A west London couple who enslaved a man for more than two decades in their home have been jailed for six years. Former NHS obstetrician Emmanuel Edet and nurse Antan Edet held Ofonime Sunday Inuk as a "houseboy" and forced him to work unpaid for up to 17 hours a day.
In November, a jury found the pair guilty of cruelty to a child under 16, holding him in servitude and assisting unlawful immigration. Inuk was brought to the UK in 1989 at the age of 14 by the Edets, who told immigration officials that he was their son. Inuk believed he would be paid for his work and receive an education, but instead he cared for their sons and cooked, cleaned and gardened.
Instead of receiving a salary for the work, Inuk was infrequently given pocket money, ate his meals alone and for long periods of time, slept on the hallway floor at the Perivale house where he was held. Inuk had tried to join the army, but was rejected after failing to provide his passport and told Harrow Crown Court that he had not seen the document in over 10 years.
"He was conditioned to the extent that that he did not ask for what he wanted because he expected his request to be refused. He was paid the occasional pocket money of perhaps £10. He claims that that was only at Easter and Christmas and occasionally visitors would give him larger sums," Judge Graham told the Edets as he sentenced them at Harrow Crown Court on 7 December. The court was told Inuk was theoretically owed hundreds of thousands of pounds for his work.

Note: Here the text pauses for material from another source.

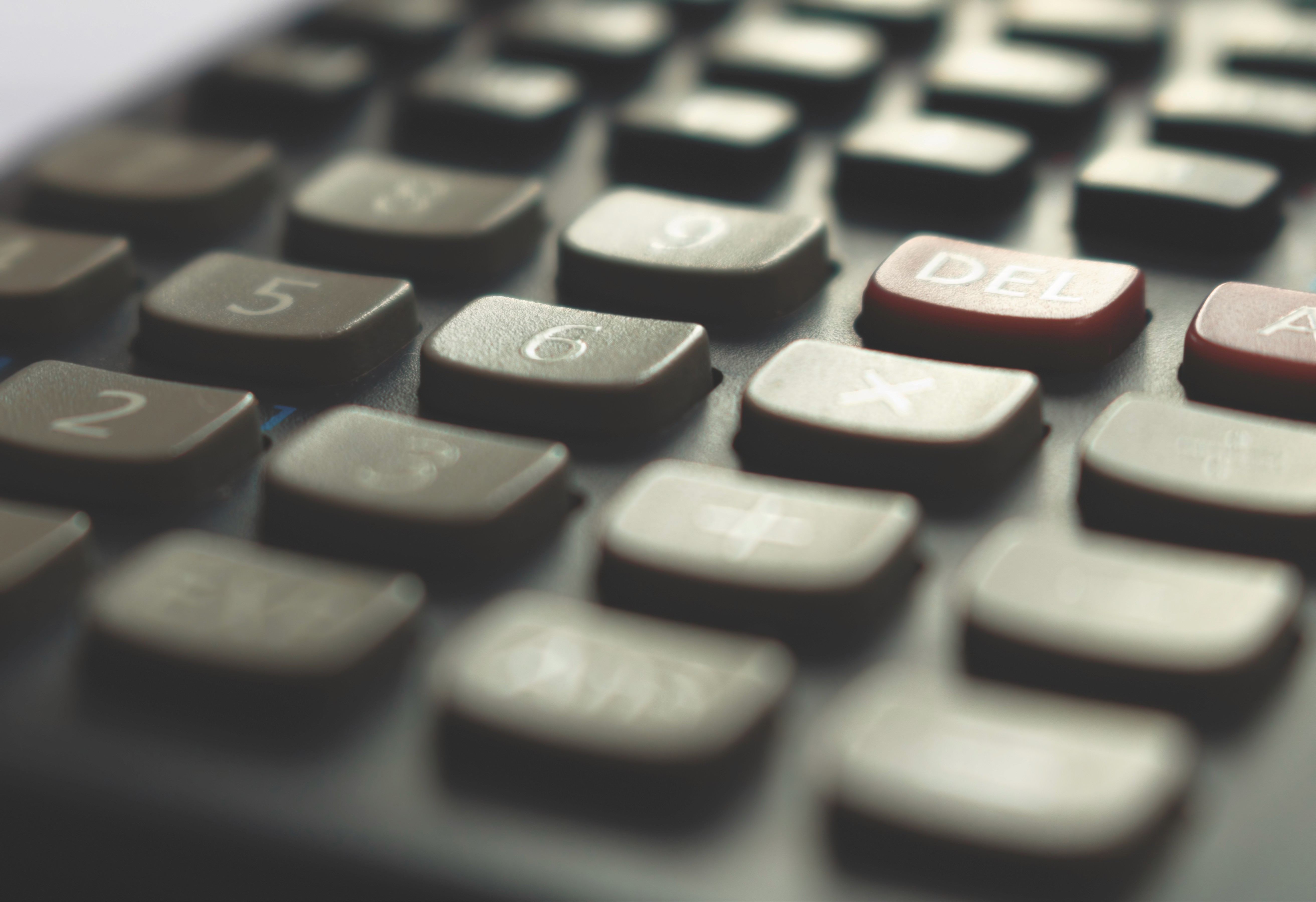 Modern red brick apartment or office building viewed from below against a blue sky, showcasing its geometric architecture with evenly spaced windows and balconies.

"He most certainly was not paid for the work that he was performing for you," he added. "The most serious aspect of your behaviour towards him was that it went on for an exceptionally long period of time, robbing him of the opportunity of leading a normal life. He suffered as a result of that treatment and has found it difficult to adjust [to] a normal life."
Inuk was able to inform a charity of his situation in 2013 after the Edets visited Nigeria for Christmas and the couple were arrested in March 2014. Emmanuel, 61, and his wife, Antan, 58, have each served 287 days on bail under curfew conditions. Half of that time will be deducted from their sentences.